When the summer of 2018 started, I wanted use the computing science skills I recently learned at the U of A and develop them further. I also thought it would be a good idea to have a project to show off to recruiters. There were two reasons why I chose to develop Researcher and not something else. Firstly, I wanted to create a unique program that I didn't have access to without spending some cash. I also wanted to create something that could help me in some way. Researcher seemed like a perfect fit. It would help me with long term investments, and I could not find anything like it without spending money.

Definitions

Stock: is all of the shares into which ownership of the corporation is divided.
Ticker: Usually a 1-4 character long string that represents a company's stock.
Collection session: The collection, formatting and storage of stock data from start to finish.
Collection section: The GUI which lets the user manage a collection session.
Stock Measures: Data that helps determine a stock's performance
Analysis section: The GUI and windows which lets the user analyze stocks.

Features

There are two parts/sections to this program, collection and analysis. The collection section mainly involves the collection of all the stock data for the current day. The cool thing about the collection section is that it can either be run with a the GUI or on a terminal using the exact same lines of code. The analysis section uses the data collected and options given to it, by the user, to produce a score for all stocks on the chosen day.

Collection Section

Before any analysis can be done, data must be collected. In order to start the collection session, the user must be on the page shown below. If the user has just started Researcher, this page will be the default page shown on startup. If the user is at the collection section of the window and there is no collection session running, the user navigates to this page by clicking the "collect" tab at the top left.
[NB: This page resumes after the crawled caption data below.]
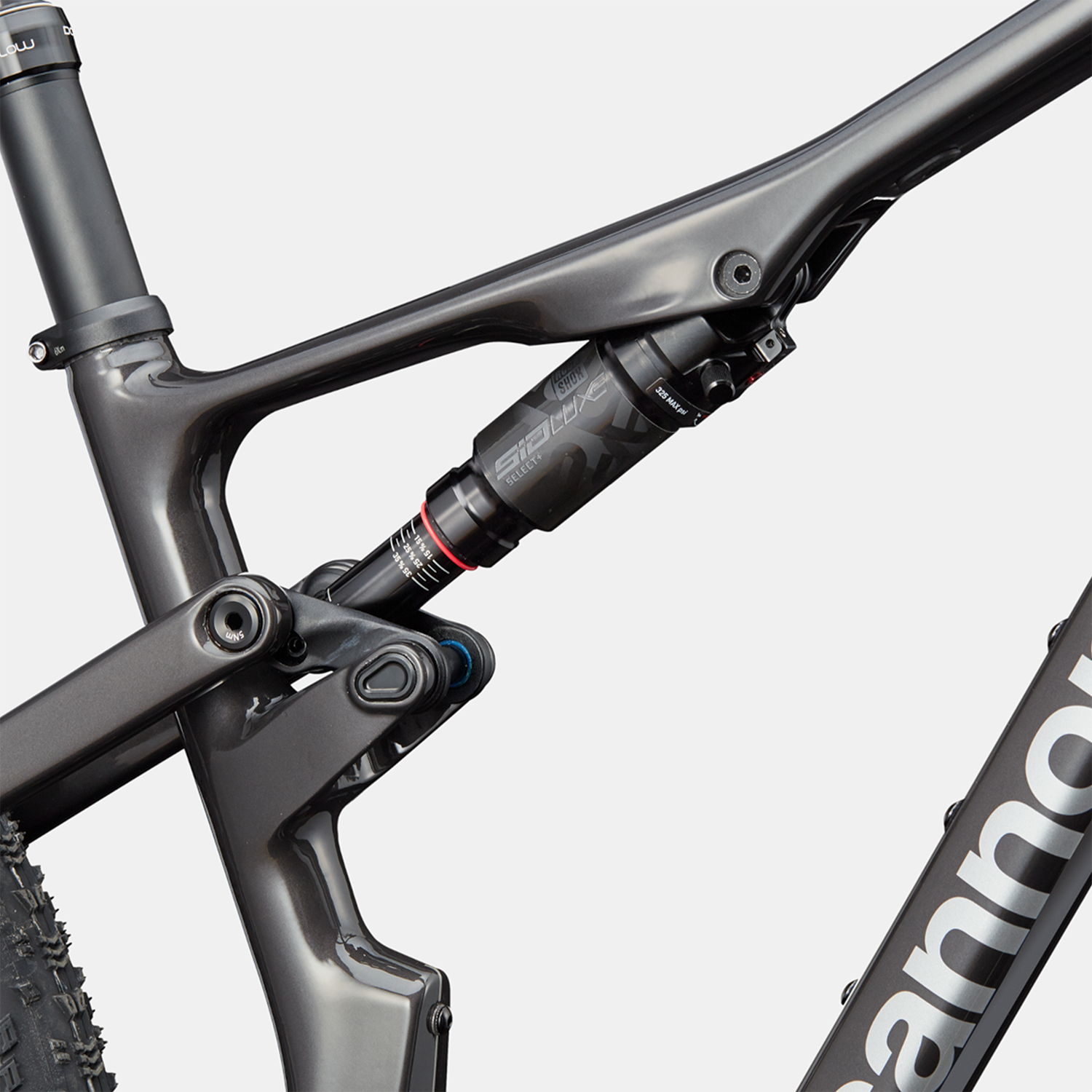 BICICLETA CANNONDALE MTB 12V. SCALPEL 4
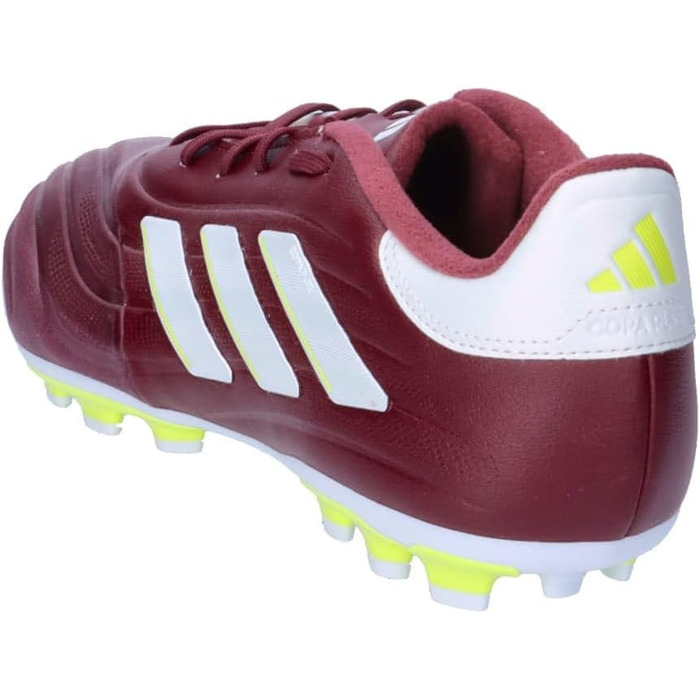 Бутси для футболу Adidas Copa Pure II League для штучного покриття (43 1/3 EU, Червоно-біло-золоті)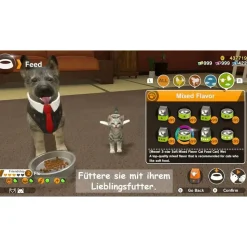 Little Friends: Dogs Cats (USK) (Nintendo Switch)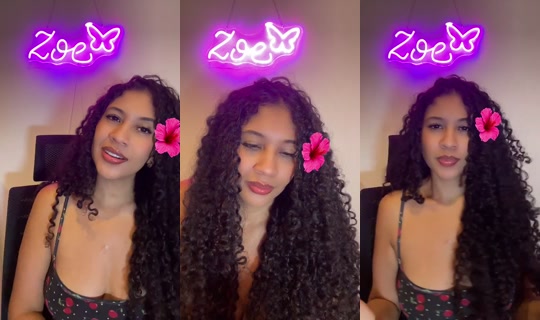 Zoe.s Bigo Live — Oct 13, 2026, 11:55 AM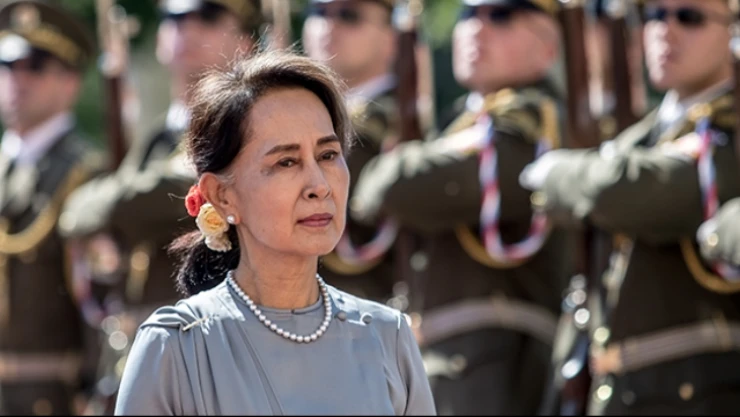 Myanmar'ın devrik lideri Suu Kyi'ye 6 yıl daha hapis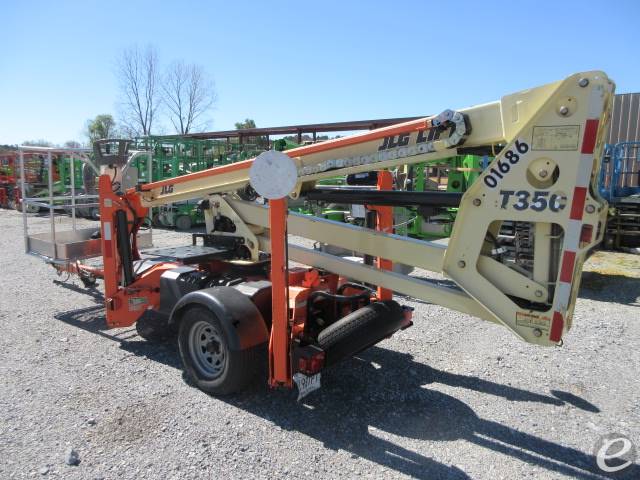 2016 JLG T350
The user must press the "collect" button to start. This action moves the user to the collection progress page, displayed below, and starts the collection session.

The collection session first downloads and parses a csv file from the official NASDAQ website. The file contains a list of all public US stock tickers and the respective sector and industry the stock is considered to be in. Then it starts scraping 2 Yahoo Finance pages and makes one IEX API call for every ticker read from the csv file. The API call is used to get the stock's price history in order to calculate its RSI while the rest of the data is scraped off the Yahoo Finance pages. The Yahoo Finance/API collection process will take about 2 hours due to the reactive limiter I created for the collection session (More about why later). This entire process is multithreaded and multiprocessed to increase and/or maintain the speed. First, the main process creates a collection process. After the collection process has downloaded and parsed the csv file,it creates multiple threads for scraping. Every stock that has had all of its raw data collected is passed to a refinery process, which was initially created by the collection process. The refinery process cleans/formats the data, calculates some measures, and inserts the stock measures into the appropriate table in the database. The collection session can be cancelled any time, if the user presses the "stop" button or presses the close button at the top right. All the threads/processes can be stopped because I implemented a kill signal that all threads/processes listen for. Once the collection session is cancelled, all data created from this scraping season are also deleted, since it would be incomplete and would mess things up. The log, in the middle of the page, also has a couple of features. The main purpose of the log is to print out all successes and errors which you can scroll through. A feature of the log, is that it holds a maximum of 500 lines to maintain CPU performance. Since the log only holds 500 lines, all errors are also appended to an error text file to be read later. The log also keeps the scroll bar at the bottom, if the scroll bar has not been touched or the user has scrolled to the bottom. Moreover, the user can clear the log by pressing the “Clear Log” button. Lastly, once the collection session is done(ie. the progress bar at the top has reached 100%) or has been killed, the user presses the "finish" button to go back to the original page.

Analysis Section

If at least one days worth of stock data is stored in the database, then analysis can be done. It should also be worth noting that analysis can be done while a collection session is active. If the user is in the collection section, he/she must press the "Analyze" tab at the top left to get a bunch of options shown below.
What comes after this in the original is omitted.